Tehran has been a staunch ally of Syrian President Bashar al-Assad during the civil war that broke out in 2011. Iran maintains it does not have combat troops in Syria, only officers who provide military advice and training.

“I am going to Damascus to convey the message of the Islamic Republic to the Syrian government,” Araghchi said, emphasising Tehran will “firmly support the Syrian government and army,” the IRNA state news agency reported.

Islamist-led rebels on Saturday seized Aleppo’s airport and dozens of nearby towns after overrunning most of Syria’s second city Aleppo, a war monitor said.

Syria’s army confirmed that the rebels had entered “large parts” of the city of around two million people and said “dozens of men from our armed forces were killed”.

Araghchi again called the surprise rebel offensive a plot by the United States and Israel. “The Syrian army will once again win over these terrorist groups as in the past,” the foreign minister added.

An Iranian news agency reported earlier that a general in Iran’s Islamic Revolutionary Guard Corps was killed in Syria on Thursday during the fighting.

On Saturday, Iran’s foreign ministry said its consulate in Aleppo had come under attack, but staff members were safe.

Foreign ministry spokesman Esmaeil Baghaei said Araghchi who will visit Ankara for consultations with Turkish officials after his stop in Damascus.

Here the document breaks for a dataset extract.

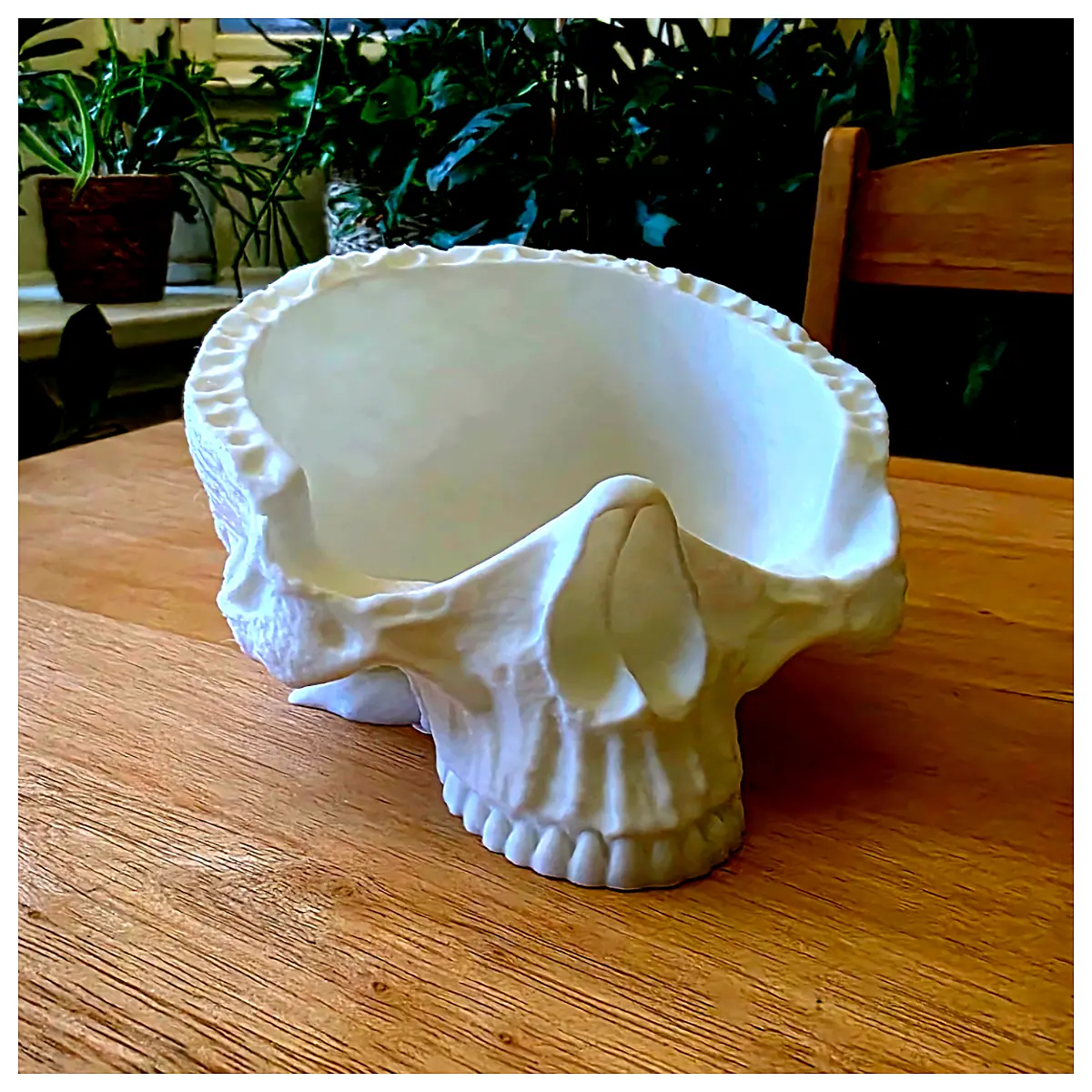 Skull Catch Bowl Collection Bowl Decorative Bowl Universal Bowl Bone Collection Parts Repair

Since 2020, the rebel enclave in Syria’s northwestern Idlib region has been subject to a Turkish- and Russian-brokered truce that had largely been holding despite repeated violations.

But the insurgents’ launch on Wednesday of a surprise offensive against the city of Aleppo shattered the truce, the same day a fragile ceasefire took effect in neighbouring Lebanon between Israel and Hezbollah.

The Syrian government had regained control of a large part of the country in 2015 with the support of its Russian and Iranian allies, and in 2016 the entire city of Aleppo.